World leaders face a choice of truly historic proportions. They can follow one of two paths. The first path would require them to finally admit their prior policy errors and embark upon comprehensive reform of all of the fiscal policies that affect the economy -- energy, education, tax, business regulation, technology and science policy and industrial policy -- in order to give their economies a chance to grow through productive investments. (By the way, these investments and policies would also have the side benefit of improving the quality of human life.) This path would also require central bank discipline on the long-lost Paul Volcker model. Or they can stay on their current path and continue to monetize their debts in the hope that future generations will be able to repay them with deflated currencies and the markets won't abandon them. The choice is clear. The question is whether leaders will have the courage to make the right one, and their citizens the fortitude to stand behind them. -- Michael Lewitt, El Mundo (Aug. 8, 2011)There is nothing revelatory in the Standard & Poor's downgrade, which puts us in a tie with Belgium, as it is largely symbolic. The downgrade reflects known facts. There is plenty to be critical of, however, in the manner and composition of S&P's decision, and I suspect that will be the subject of a lot of commentary in the week ahead. The optimistic view is that we will see renewed leadership under the current period of crisis. Rather than being seen as a continuing political football of partisanship, the S&P downgrade (when coupled with the stock market swoon) could become a catalyst for change -- a clarion and wake-up call for both parties to address our country's fiscal imbalances. (This subject was a prime topic on The Edge last week.) Indeed, investors could grow more constructive that a November select committee meeting of Republicans and Democrats will now be galvanized into finding another $1.5 trillion in new deficit reductions, providing the opportunity for a "grand bargain" by finally addressing tax reform, Medicare, Medicade and Social Security (importantly in an up-or-down vote.) There are other reasons why there may not be a sustained risk-off reaction:
- S&P's downgrade move was previously telegraphed. Most market participants expected the move in light of earlier warnings by S&P and the disappointingly modest size of the deficit reduction that was the outgrowth of last Monday's budget compromise.

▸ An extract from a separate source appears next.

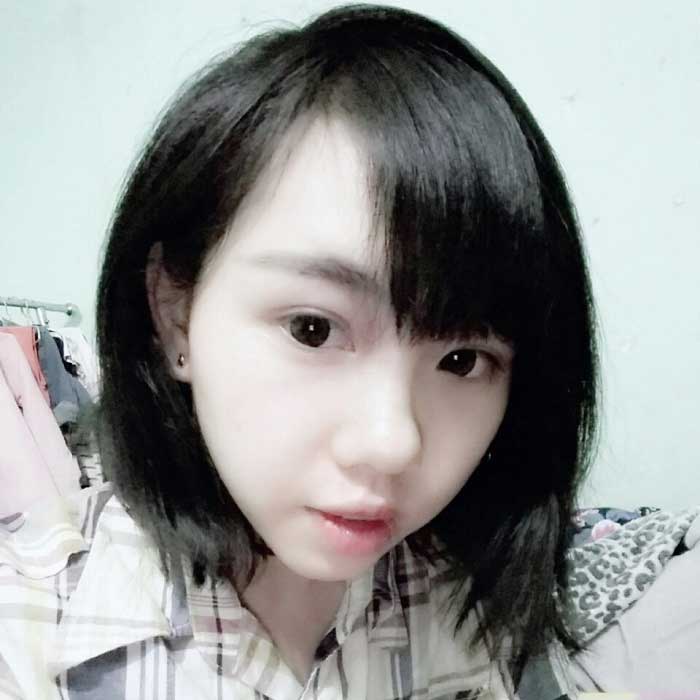 Độn cằm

- Other ratings agencies are staying put. Moody's and Fitch have maintained their AAA rating for the U.S.
- Risk weightings are unchanged. The move will not affect the risk-weighting of Treasury assets held by banks.
- Banks have ample liquidity. Our financial institutions can readily absorb any short-term funding disruptions.
- Sentiment is already poor. Investor expectations are already low.
- Investors are on the defensive. Hedge funds are sitting on their hands, and, as I have observed, so are individual investors -- and both classes of market participants have de-risked, so margin calls are not really coming into play.
- A precedent had been set. History shows (e.g., Japan) that an S&P downgrade has a negligible impact on the economy and markets.
- S&P has lost some of its influence and much of its credibility. A $2 trillion mathematical miscue , the political spin associated with the downgrade and the change in the assumption regarding the Bush-era tax cuts further strain and undermine the ratings agency's move.
- S&P's move was discounted. Just as the debt ceiling compromise last Monday was obviously already priced into the US stock market (as the market failed to rally) - so is it possible that much of the US debt downgrade has already been incorporated in share prices (and might not decline much further).